Socialite’s Family Partnership Interest
Book value can have a few different meanings. The best definition is simply the value of assets and liabilities that a company carries on its books. Is it different than the “fair value” standard applied in statutory buyouts? Yes– a lot different.
There are many partnership agreements and corporate
Book Value Used to Buy Socialite’s Interest
A recent decision involving the estate of socialite Claudia Cohen demonstrates why. Estate of Claudia Cohen v. Booth Computers, et al., Docket No. A-0319-09T2. Estate of Cohen App Div.pdf. (Thanks also to Peter Mahler’s NY Business Divorce blog for finding the trial decision. Cohen Chancery Div.pdf.) In that decision, the Cohen’s estate argued that the book value of a successful business was just less than 2 percent of its fair value – $ 178,000 as opposed to $11.526 million – and sought to reform the partnership agreement. The effort failed and the Appellate Division affirmed the trial court’s enforcement of the agreement. The disparity between book value and fair value was not, in the court’s opinion, reason to alter an otherwise unambiguous document.

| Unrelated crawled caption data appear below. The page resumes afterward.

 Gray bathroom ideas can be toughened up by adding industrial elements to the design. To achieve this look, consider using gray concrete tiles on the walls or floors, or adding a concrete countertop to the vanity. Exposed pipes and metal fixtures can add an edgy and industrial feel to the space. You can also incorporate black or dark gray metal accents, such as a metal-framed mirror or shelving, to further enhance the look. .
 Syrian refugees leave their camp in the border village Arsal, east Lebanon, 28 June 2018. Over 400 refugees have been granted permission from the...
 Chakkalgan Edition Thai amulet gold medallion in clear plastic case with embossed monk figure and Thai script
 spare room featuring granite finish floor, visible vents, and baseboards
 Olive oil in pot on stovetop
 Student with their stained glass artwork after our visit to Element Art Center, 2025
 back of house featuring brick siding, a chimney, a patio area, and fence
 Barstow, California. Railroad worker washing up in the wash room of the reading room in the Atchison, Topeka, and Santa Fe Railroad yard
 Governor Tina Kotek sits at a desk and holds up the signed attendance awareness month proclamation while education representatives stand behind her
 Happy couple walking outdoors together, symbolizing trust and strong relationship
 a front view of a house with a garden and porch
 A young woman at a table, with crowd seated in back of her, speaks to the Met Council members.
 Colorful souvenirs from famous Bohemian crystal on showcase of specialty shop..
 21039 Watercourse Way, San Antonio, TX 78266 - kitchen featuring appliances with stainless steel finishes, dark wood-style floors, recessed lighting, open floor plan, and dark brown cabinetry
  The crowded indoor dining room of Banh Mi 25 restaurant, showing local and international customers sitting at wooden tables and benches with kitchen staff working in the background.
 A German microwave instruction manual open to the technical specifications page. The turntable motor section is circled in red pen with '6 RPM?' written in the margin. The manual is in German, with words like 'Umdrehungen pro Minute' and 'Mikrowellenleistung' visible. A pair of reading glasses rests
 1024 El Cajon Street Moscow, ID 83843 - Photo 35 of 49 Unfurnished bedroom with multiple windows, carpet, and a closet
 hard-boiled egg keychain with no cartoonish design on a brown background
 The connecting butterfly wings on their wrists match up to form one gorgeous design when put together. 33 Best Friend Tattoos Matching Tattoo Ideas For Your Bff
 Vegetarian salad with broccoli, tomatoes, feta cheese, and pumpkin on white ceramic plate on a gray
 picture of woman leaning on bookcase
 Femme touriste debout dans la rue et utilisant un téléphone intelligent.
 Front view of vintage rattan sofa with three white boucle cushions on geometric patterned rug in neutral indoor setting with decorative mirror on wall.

The result was a windfall for the last surviving partner, Claudia’s bother James, and the same result is likely to occur in most agreements that set the value of the business at book value rather than fair value.
The Cohen case involved a partnership formed by the late Robert Cohen, an entrepreneur who amassed a considerable fortune through various entities including the Hudson News Group. He had three children – Claudia, Michael and James. Claudia, well known in Manhattan and Hamptons social circles, was also an editor of Page 6 of the New York Post and the ex-wife of entrepreneur Ronald Perelman.
The estate, with Perelman as executor, brought suit against Booth Computers and Claudia’s brother, James, after Claudia’s interest in a family partnership was valued at a fraction of the fair value of the partnership’s holdings.
Family Partnership Agreement
In approximately 1977, Robert Cohen had a partnership agreement drawn for the benefit of his children for Booth Computers to purchase and lease computer equipment. The children signed the agreement without consulting an attorney.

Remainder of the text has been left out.